Parmi les grands personnages de la Révolution aucun n’est principalement artiste ou scientifique mais au contraire philosophe, politicien, moine au Moyen Âge avec les capacités d’analyser l’état de la société de synthétiser et de résoudre les problèmes ; c’est ainsi que progressivement sont réduits les conflits et rassemblés toujours une plus grande quantité de producteurs dans des espaces pacifiés qui sont les seuls lieux où le développement économique et social sont possibles.

Non les Révolutions ne sont pas un mythe elles produisent des changement qualitatifs observables : le serf et le paysan libre du Moyen Âge ne sont plus l’esclave de l’antiquité condamné par la Chrétienté l’esclavage disparaît jusqu’au retour à l’admiration de la Grèce et de Rome et la découverte du Nouveau Monde, le salarié n’est pas plus un esclave ni un serf il gagne sa liberté formelle de déplacement il est un travailleur affranchi, il lui reste à gagner le pouvoir politique pour sa dernière phase de libération le socialisme contre la bourgeoisie. Dans les pays socialistes l’ampleur et l’intensité de l’amélioration de la qualité de vie est mesurable et contrairement aux pays qui forment l’Occident Collectif ce développement ne se fait pas au détriment de pays tiers mais sur leur propre force de travail puis par la coopération. La comparaison du développement des deux plus grands pays possesseurs de ressources naturelles l’URSS et les États-Unis permet de valider cette observation : l’un pratique le pillage, l’autre encourage les libérations nationales des victimes du colonialisme. La Révolution Française a donné cette soif de démocratie qui doit être respectée et qui pousse la bourgeoisie à faire semblant d’être démocrate ; mais l’idée est là opérante avec des moyens matériels de la rendre possible.

Nous avons tous besoin de Religion ! Oui si nous le prenons au sens étymologique du mot comme ce qui relie les individus et fonde la société, regroupés hier déjà de façon très rationnelle mais avec une part de superstition et de mythologie correspondant à l’état des connaissances de ces sociétés et à des intérêts de classe. Le communisme comme religion me convient très bien quand il unit l’Humanité par la raison et le bien commun en gommant ce qui divise. Notre succès et notre survie reposent sur le groupe social et mieux il profite à chaque fois de son extension et de son unification, les progrès de notre espérance de vie en sont le résultat.
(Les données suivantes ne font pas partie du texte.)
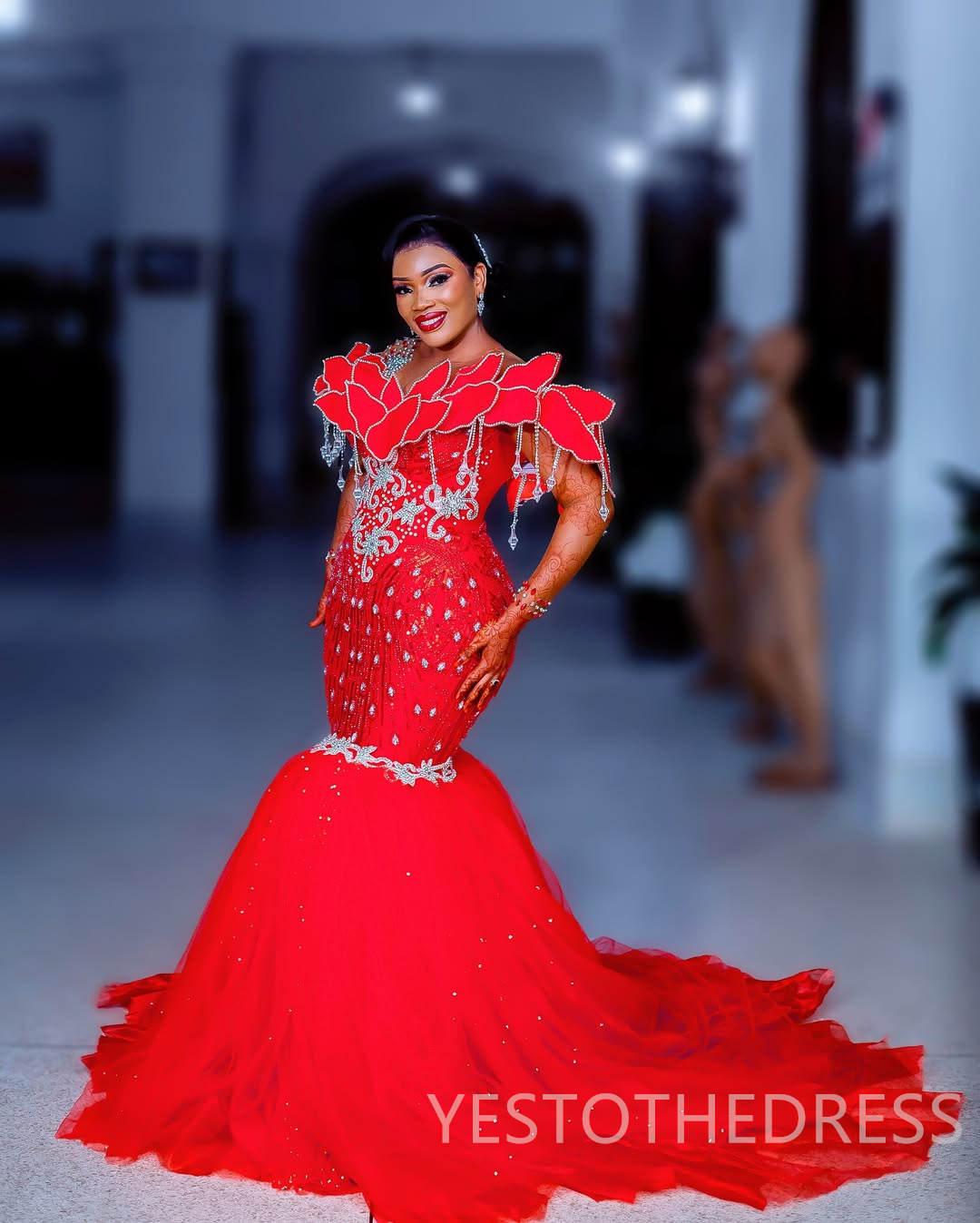Plus Size Red Prom Dresses 2025 Mermaid Evening Dresses Formal Gowns Illusion Sheer Neck Long Sleeves Beaded Lace Tiers Tulle Crystals Birthday Dress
“Faire la Révolution est un acte religieux” pourquoi pas ! Mais certainement pas pour survivre, c’est pour vivre que nous nous battons. Les Français, les Soviétiques, les Cubains ne survivent pas ils vivent et certainement très intensément avec le développement de chacune de leurs capacités, de chacun et de tous, en tout cas c’est le sens imprimé par les Révolutions initiées et effectuées par les travailleurs et guidées par les intellectuels et les artistes dans un contexte transformé par la politique et les sciences et techniques.

Refouler la Révolution est un acte réactionnaire tout comme promouvoir l’idée d’une domination naturelle chez l’Homme qui contredit l’Histoire même et notre développement qui repose exclusivement sur la coopération et l’entraide, le partage perfectible des fruits du travail et des connaissances, la compassion et l’altruisme qui garantissent la paix. L’immense majorité des travailleurs aide son camarade, les gens sont généreux avec ceux dans le besoin, tristes et choqués face aux horreurs de la misère et de la guerre. L’immensité de la population n’est pas dans le calcul froid de l’intérêt égoïste, ces sentiments sont ceux d’une minorité sans morale et immonde. Non les Révolutionnaires ne voulaient pas dominer leurs pareils, chez les mineurs des Asturies en 62 aucun ne s’est enrichi, aucun n’a trouvé une bonne place, nombreux ont souffert et certains ont tout perdu pour la justice et la liberté.